What about the rhyme (windowpane, rain)? Isn’t that a terrible mistake? Again, I’m going to suggest that it’s not. The word “window” is used twice in the preceding paragraph, and used in a general sense. The window in the first paragraph is an opening. The spatters of rain are not streaked on the opening, they’re streaked on the glass — a different thing. But “the window glass was streaked with spatters of rain” would sound needlessly pedantic. Of course it’s glass, you dummy! We know that! So “windowpane” is the right word. In addition, “pane” is a weak syllable, so the rhyme is not emphasized. “The pane was streaked with rain” would call to mind the song from My Fair Lady, and that would be even worse than the obvious rhyme.

Can we get rid of “firmly” in the final sentence? It’s a dreaded adverb! Can we just assume that the driver’s hand is pressed down firmly upon his hat, given the presence of the stiff wet autumn wind? Perhaps. If he was using a hand to keep his coat from flapping, I don’t think I would have added “firmly.” But without it, we have “keeping one hand on his hat.” Now the alliteration is overbearing. There’s also a social context to be considered. The driver, one naturally assumes, is of a lower class, the lady who emerges from the brougham of a higher class. If he’s keeping a hand on his hat without further clarification of the manner in which he’s doing it, he might be touching the brim deferentially. But that’s not what he’s doing. He’s preventing the wind from blowing his hat away. Thus “firmly.”

What you must understand is that I didn’t think consciously of any of this while writing the passage. I just wrote what sounded right to me.
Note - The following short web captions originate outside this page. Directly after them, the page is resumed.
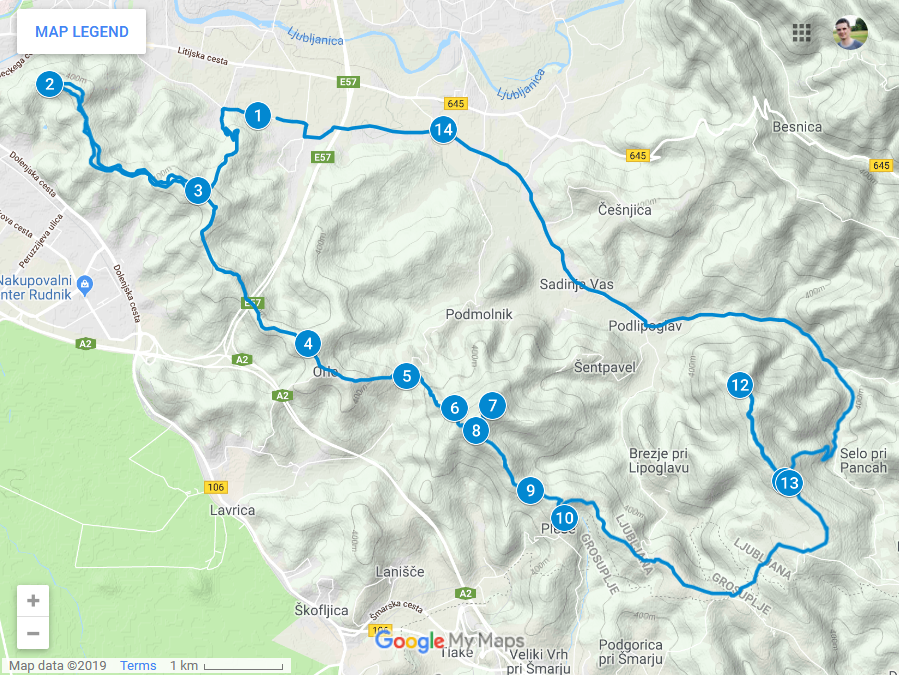 Zemljevid poti na Golovec, Molnik in Pugled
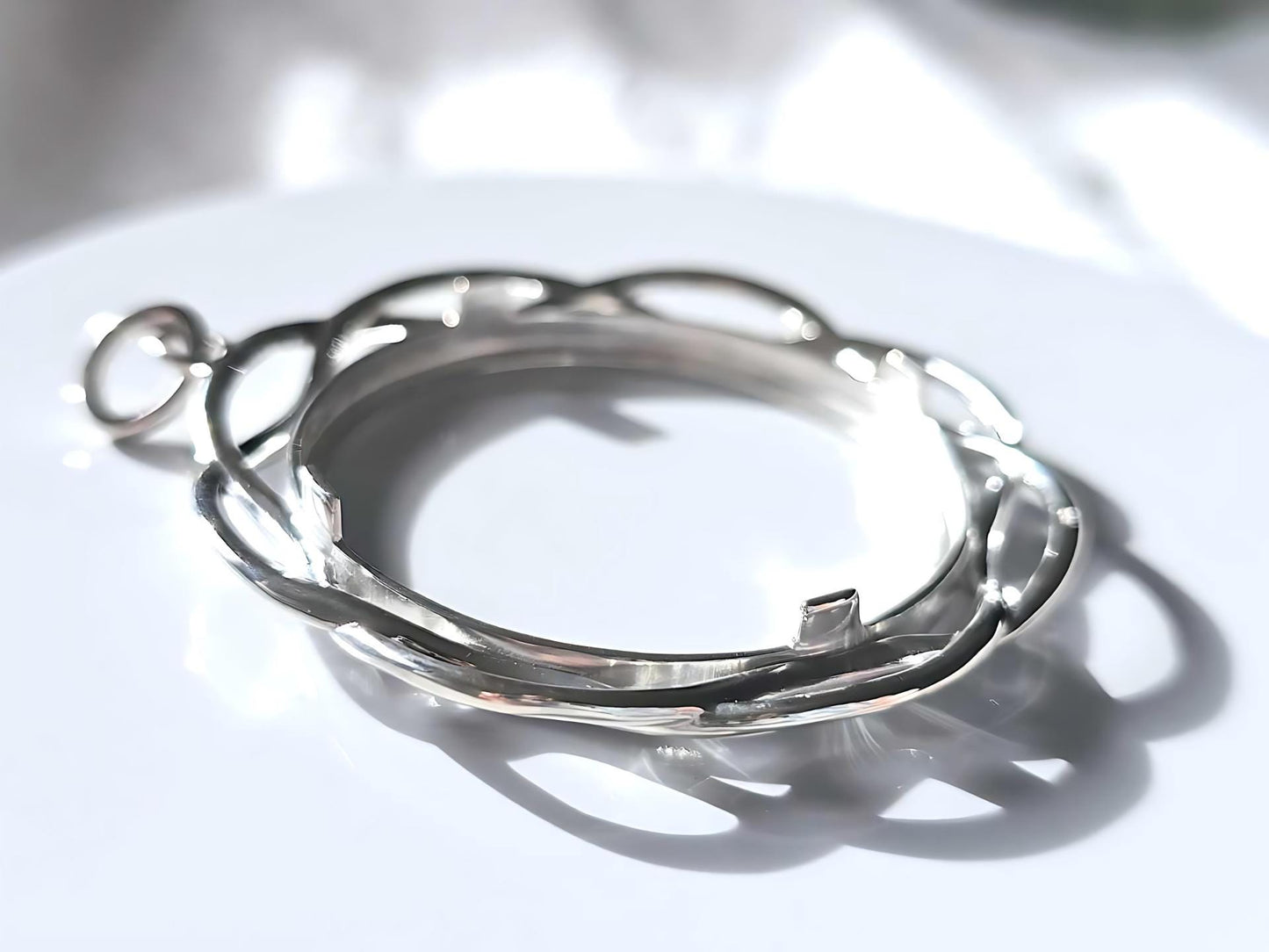 925 Sterling Silver Prong Back Braided Edge Bezel for 36mm Coins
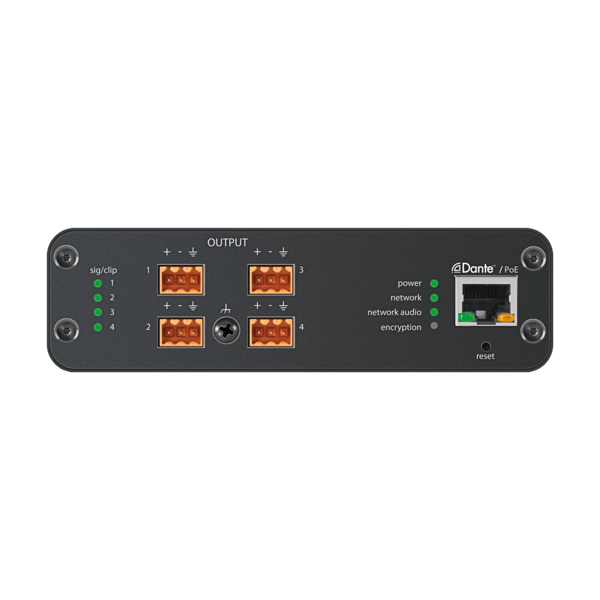 4-OUTPUT, BLOCK CONNECTORS, MIC/LINE DANTE? AUDIO NETWORK INTERFACE WITH PEQ AND AUDIO SUMMING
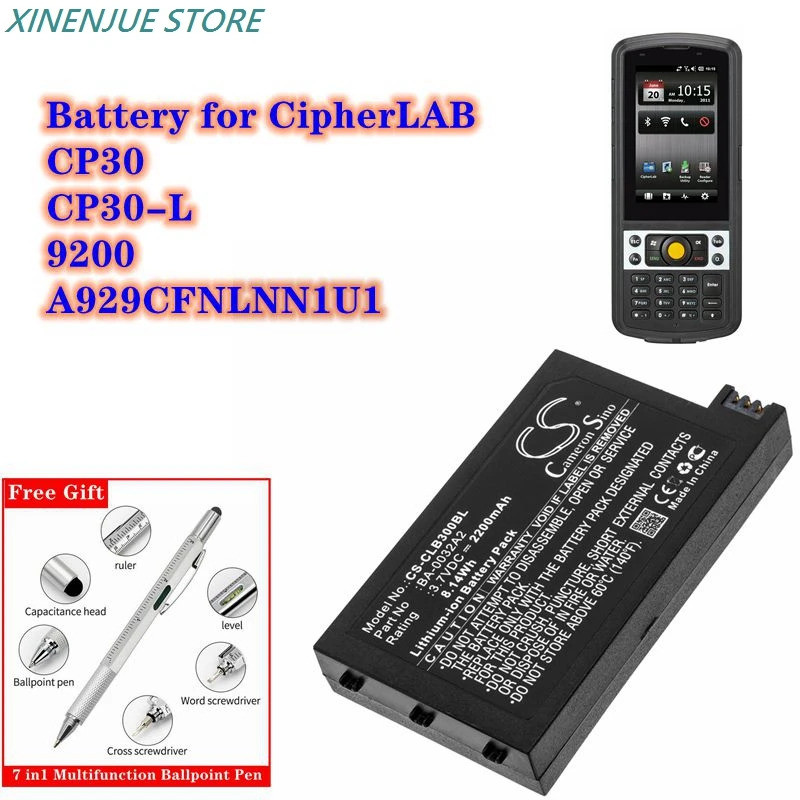แบตเตอรี่เครื่องสแกนบาร์โค้ด 3.7V/2200mAh BA-0032A2 สําหรับ CipherLAB CP30, CP30-L, 9200, A929CFNLNN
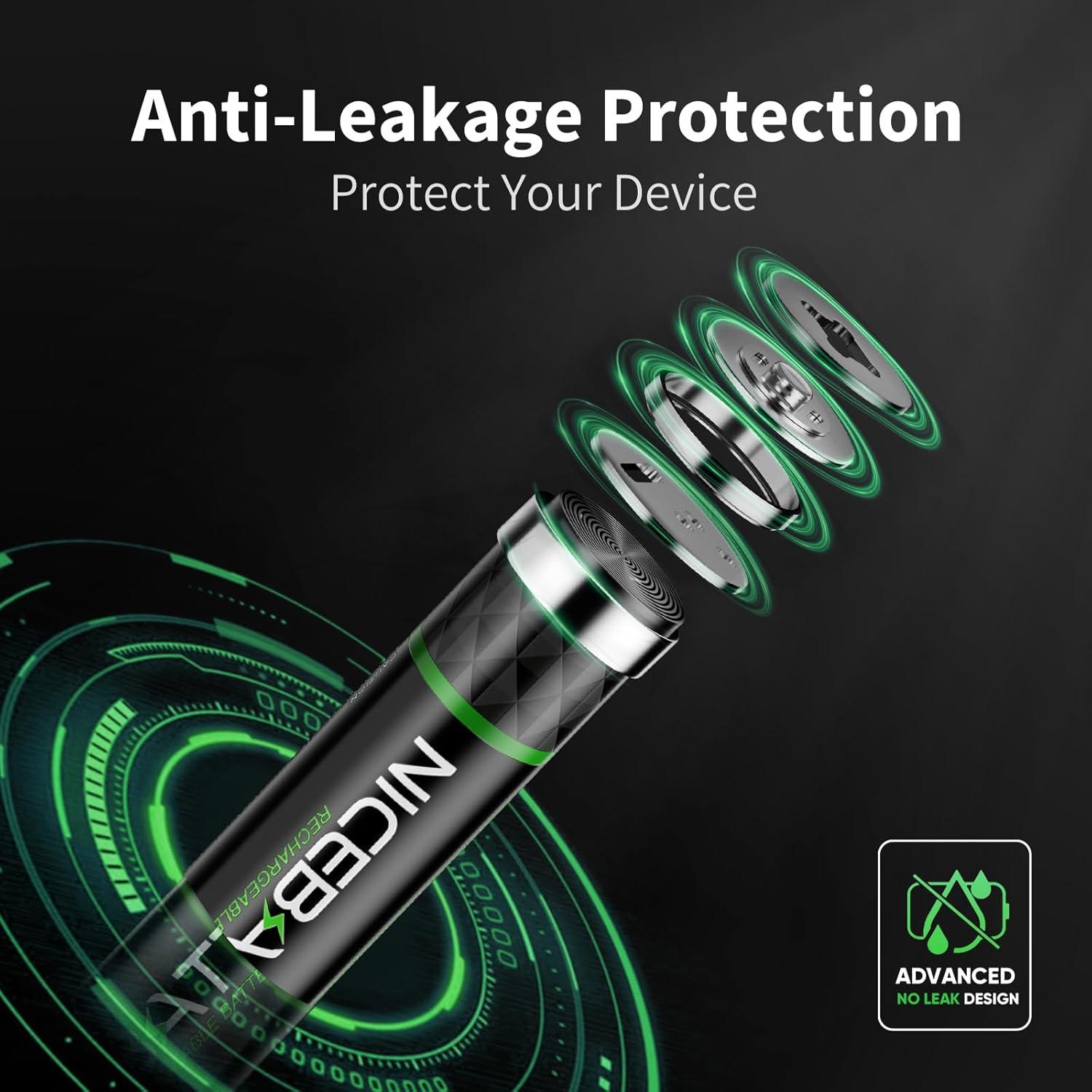 Baterías Recargables NiMH AAA 1100mAh NICEBATT - 16 Unidades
I don’t claim it’s deathless prose — but I find it encouraging that my instincts seem to be sound.

Maybe I can get rid of “steady” in the first sentence, though. Can’t we assume that the clip-clop of hooves is steady? I might decide to delete it. Here again, though, it breaks up the rhythm in a useful way. Without it, we have “…only dimly aware of the clip-clop of hooves from the street….” That’s three strong syllables in each phrase — and worse, the middle four feet are dactyls! Adding “steady” to the sentence steadies it.

This opening scene is serious business. Dactyls are used in limericks. We already have “opened the door for his passenger,” which is three dactyls. Breaking up another string of them is bound to improve the passage, even at the expense of adding an extra adjective.

Oh, dear — I’m alliterating again.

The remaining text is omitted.